GIVEN DATA:

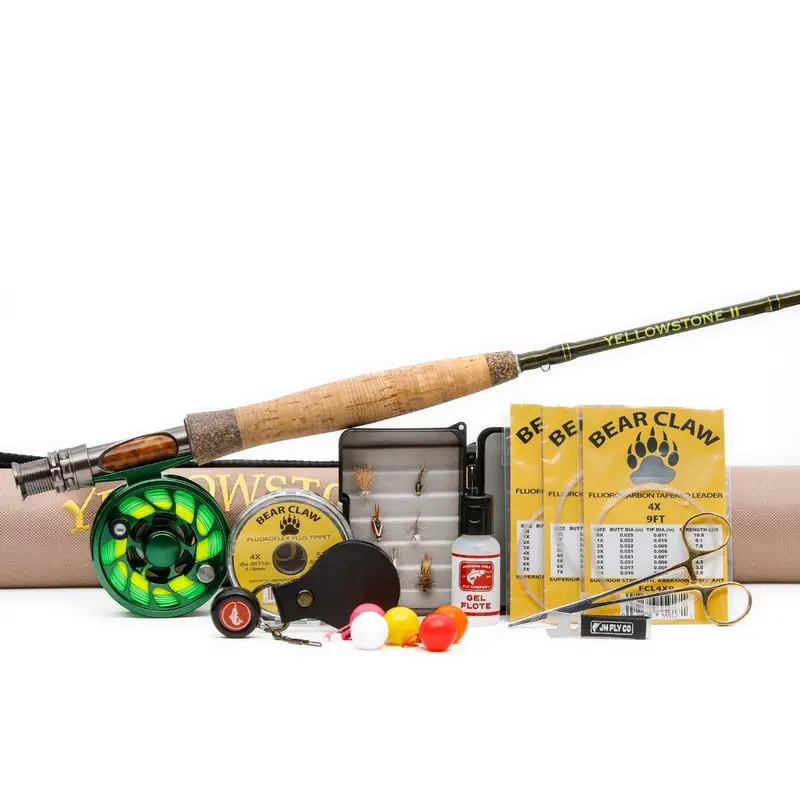 Fall Creek Compact Fly Combo – 7'0" 4Wt 1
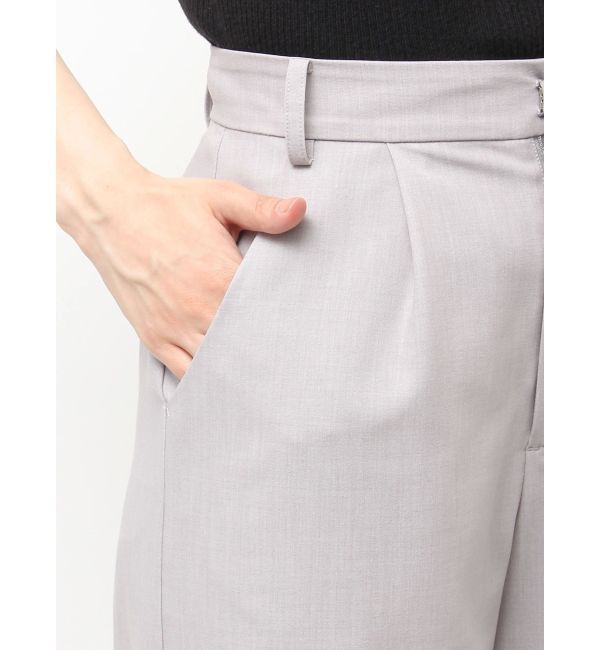 dazzlin「ニータックストレートパンツ」|その他|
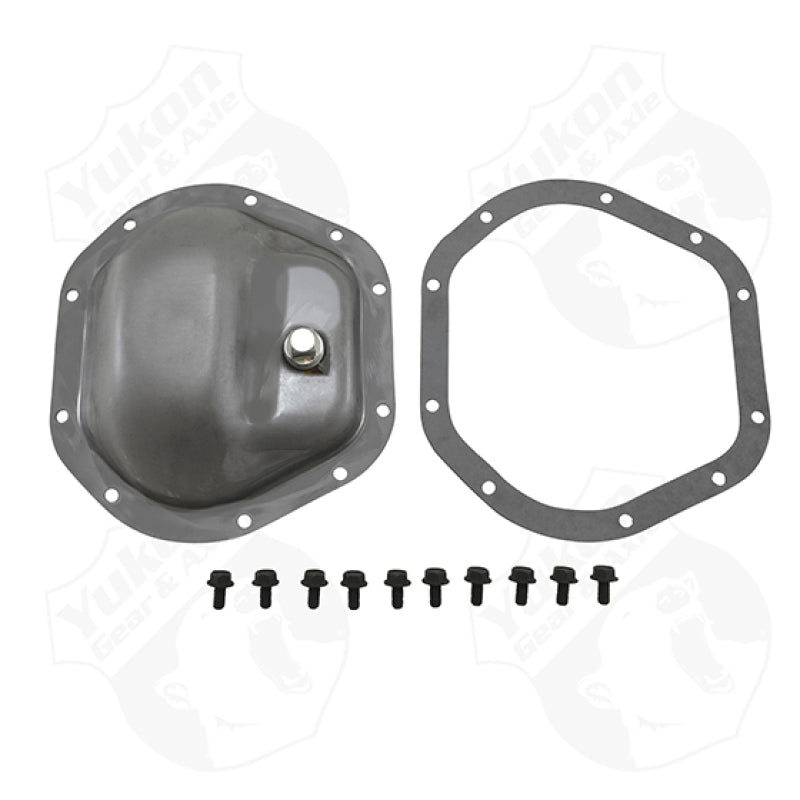 Yukon Gear & Axle YP C5-D44-STD Steel Cover For Dana 44 Standard Rotation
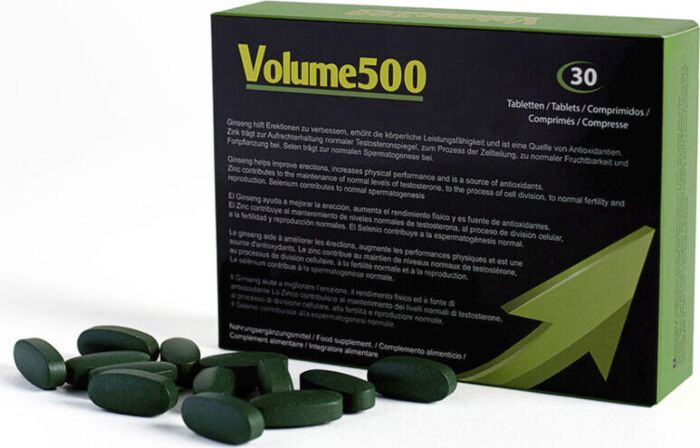 Complément Alimentaire 500COSMETICS Volume500 pour la Fertilité Complément Alimentaire 500COSMETICS Volume500 pour la Fertilité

EXERCISE: Output a verbatim copy of the lines from the line containing "Yukon Gear &" through the end of the data, both included, without any images.

ANSWER AREA:
 Yukon Gear & Axle YP C5-D44-STD Steel Cover For Dana 44 Standard Rotation
 Complément Alimentaire 500COSMETICS Volume500 pour la Fertilité Complément Alimentaire 500COSMETICS Volume500 pour la Fertilité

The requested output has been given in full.